- Top financial institution was faced with increasing costs and resource needs to comply with increasing regulatory requirements
- Complex nature of organization creates challenges for transparent monitoring and enforcement
- Steady increase of human capital-intensive compliance costs
- Environment of record penalties and market cap destructive and career-ending reputation impact
-The world’s top 20 banks have paid more than $235bn in fines since the financial crisis including $141bn for US mortgages, $44bn for UK customers, $14bn for business with sanctioned countries
-Fines and penalties equivalent to the annual economy of Greece or Portugal
- Regulatory and compliance application developed with Lucid.AI
- Comprehensive platform identified employees possibly trading on insider information
- Lucid.AI was able to see connections across long chains of relationships not detected by human compliance functions
- Ability to synthesize across multiple data sources, finding long connection chains which properly weight the perceived significance of links including:
- Recommendations and conclusions can be reviewed by stepping through the full logical sequence; experts extend the app by editing knowledge, not code
- Eliminates many of the false positives and false negatives which were generated by their previous so-called “deep learning” algorithmic solution
- Preemptive measures created meaningful value and avoided potential fines, and avoided diminishing brand equity and market value
- Commitment to invest the R&D necessary to develop additional applications on the Lucid.AI platform
- Discussions regarding a strategic partnership to support the Lucid ecosystem, including a multi-year revenue commitment to support continued Lucid.AI R&D
- Multinational oil company is faced with high costs of oil and gas extraction, both from rich deep water deposits and from poor “oil sands” deposits
- The need to extend conventional oil and gas reserves have resulted in more widespread deployment of technologies such as ultra-deep-water drilling, hydraulic fracturing and land-based gravity-assisted steam generation
- Developed an overlay to well monitoring software to enhance system engineers’ ability to drive well head efficiency
- The application was built not by programming, but by incrementally teaching Lucid.AI about the engineering and science involved, conditions of interest, etc., and giving it detailed models and histories of each individual well being monitored
- Lucid.AI applied its new domain expertise to the incoming streams of real-time well data, formulating plausible hypotheses about what geophysical and geochemical conditions of interest might be occurring down-hole, enabling much more rapid response to acute problems, anomalous data, and in some cases identifying chronic problems months earlier than the previous solution (verified by running on historic data)
- Ability to reason about what the data might mean, rather than applying rigid pre-conceived programmed criteria.
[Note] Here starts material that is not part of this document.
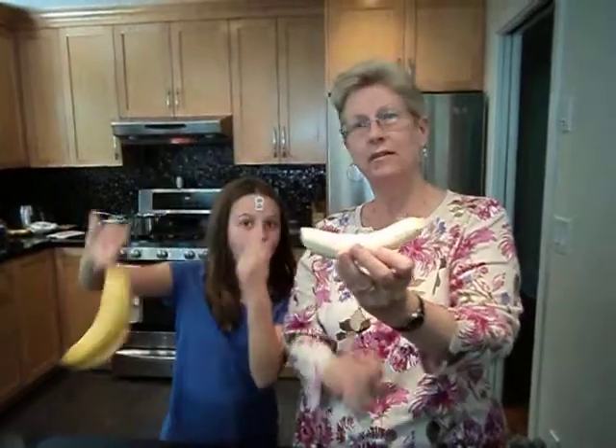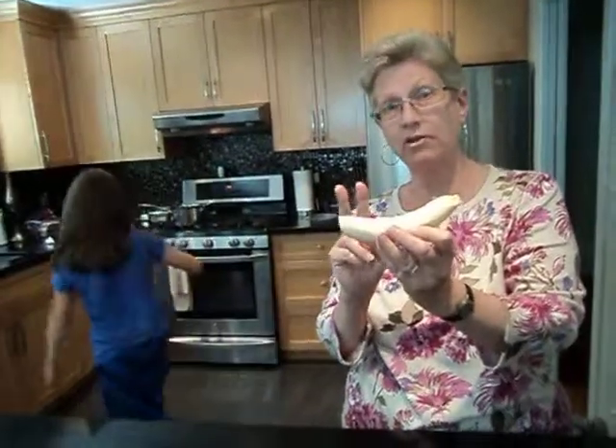Ta-da! Two pieces of peel. No mess, no fuss, no knife.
This often led to alerts which would otherwise have remained masked until some later time, and also led to the suppression of a large fraction of false alarms which would otherwise have wasted staff engineers’ time and led to dangerous “warning fatigue”
- Reduced the need for expensive unnecessary shutdowns (what would have been false positives) and saved equipment from damage and increased total lifetime well yield by earlier detection and identification and analysis of acute and chronic conditions (what would otherwise have been false negatives)
- “Can increase yields 10+% on all deep-water platforms” – J.B., Chief Engineer, Platforms, at that Multinational oil company
- Application allows engineers to view potential issues as they occur, explains its line of reasoning behind each alert (and decision not to alert) and provides recommended solutions to each problem
- Discussions regarding a strategic partnership to support the Lucid ecosystem
Energy Forecasting (Smart Grid)
- Develop a real-time forecasting system for energy distribution networks to make low carbon technologies affordable, sustainable and competitive based on analysis of large quantities of data on network topology and devices, energy demand and consumption, environmental data and energy prices data.
- Manage energy offer / demand, decision making across network monitoring, anomaly detection, route cause analysis, trend detection, planning and optimization.
- Lucid.ai is a complex-event processing platform combining multimodal data integration and fusion, predictive analytics, context- based reasoning, forecasting of consumption, production and price and on-going learned knowledge generation.
- Lucid.ai is able to control, manage, analyze and predict behavior in an extensible manner on electric power grids.
- Generic framework extensible to other networks like gas distribution, steam heat distribution, and water supplies.
- Field trialed in publicly owned buildings in Turin Italy, district heating management in the city of Reggio Emilio, smart electric car chargers in Aachen, on a University campus in Athens and for municipal streetlights in Slovenia.
- Demonstrable energy savings, functional trading system, grid optimization with socially visible economic impact.